This time, the storm came after the calm. SpaceX’s Starship SN10 aspired to be successful from start to finish as it lifted off at 6:14 p.m Eastern time on Wednesday from its launch site, and coasted to its top altitude of 10km. After an impressive landing maneuver and what seemed to be a success, an explosion brought the day to an end.
(Almost) a huge step in the production of next-generation spacecrafts, that Elon Musk dreams of sending to Mars. The day kicked off well when three hours earlier, liftoff was aborted with just a fraction of a second left in the countdown. The engines had already ignited but were then shut off when the computer on board the Starship detected too much thrust from one of the engines. The engineers decided that the problem was not significant, adjusted the software, refueled the rocket and tried again.
The full-scale prototype then soared more than 10 kilometers after lifting off from the southern tip of Texas. Descendeding horizontally over the Gulf of Mexico. An impressive and inspiring feat of innovation.

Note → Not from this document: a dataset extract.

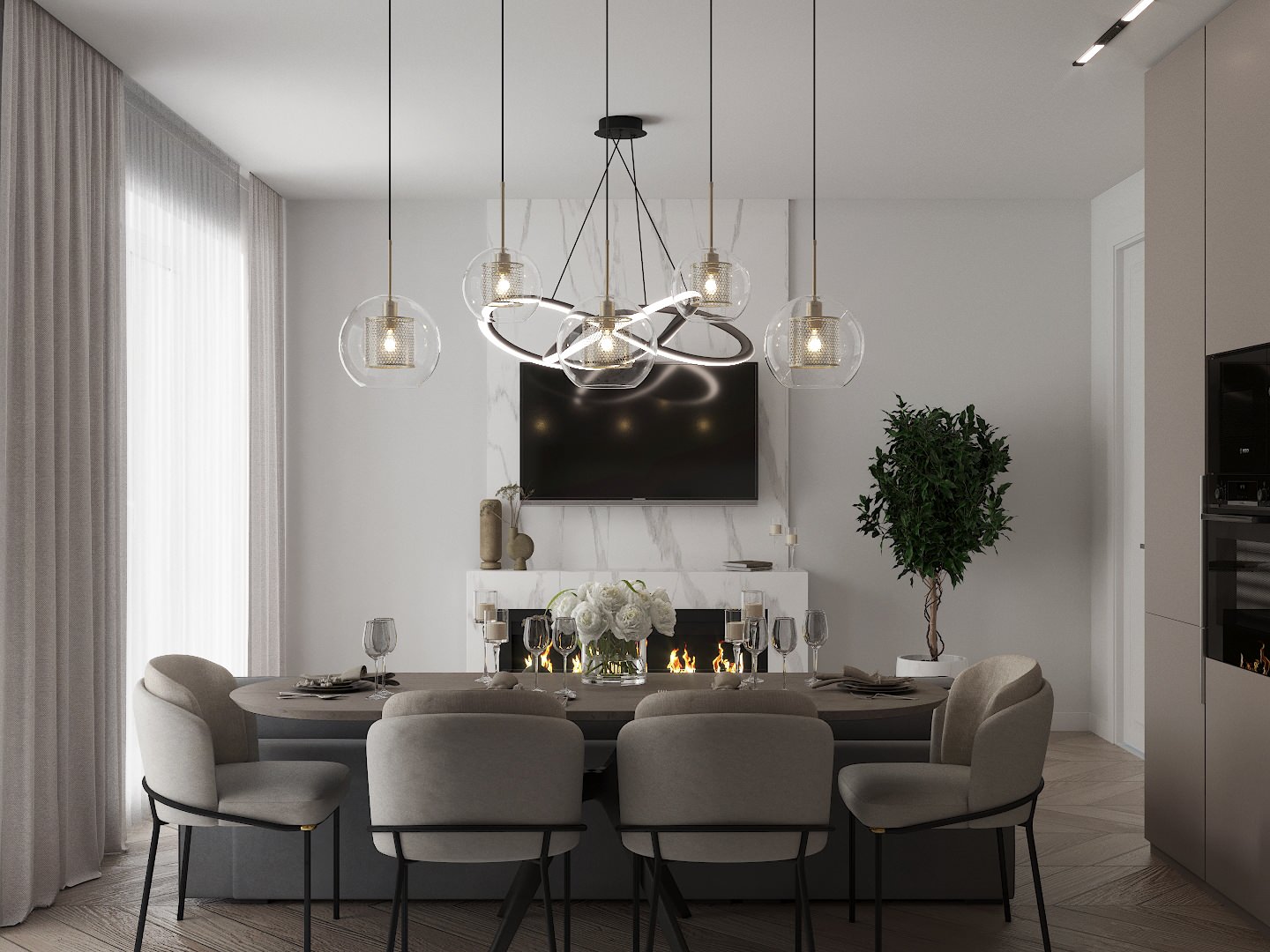 Гостиная с камином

The bullet-shaped rocketship remained intact this time at touchdown, prompting commentator to declare, “third time’s a charm as the saying goes” before SpaceX ended its webcast of the test. The last two prototypes, SN8 and SN9 reached a similarly high altitude in December and February, but slammed into the ground at Boca Chica, Texas, and exploded.
As the smoke cleared, SN10 was still standing, but tilted by a few degrees – the test was considered a success. While earlier flights to this altitude had ended in fiery crashes, this time the rocket landed in one piece. But the landing legs appeared to fail, leaving the rocket standing but leaning. A few minutes later, after SpaceX began its recovery operations of the vehicle as an explosion sent the rocket on an unplanned second hop. This time fatal.
A leak in a propellant tank may have caused the explosion.
However, the key point of yesterday’s test flight was to gather the data on controlling the vehicle while re-entering, and felt they were successful in doing so. An argument used against the many who are skeptical about Mr. Musk’s assertion that the company is just a few years from sending a Starship to Mars.
Two spectacular flights, two spectacular crash landings, with a spectacular ambition. The third time was (almost) the charm.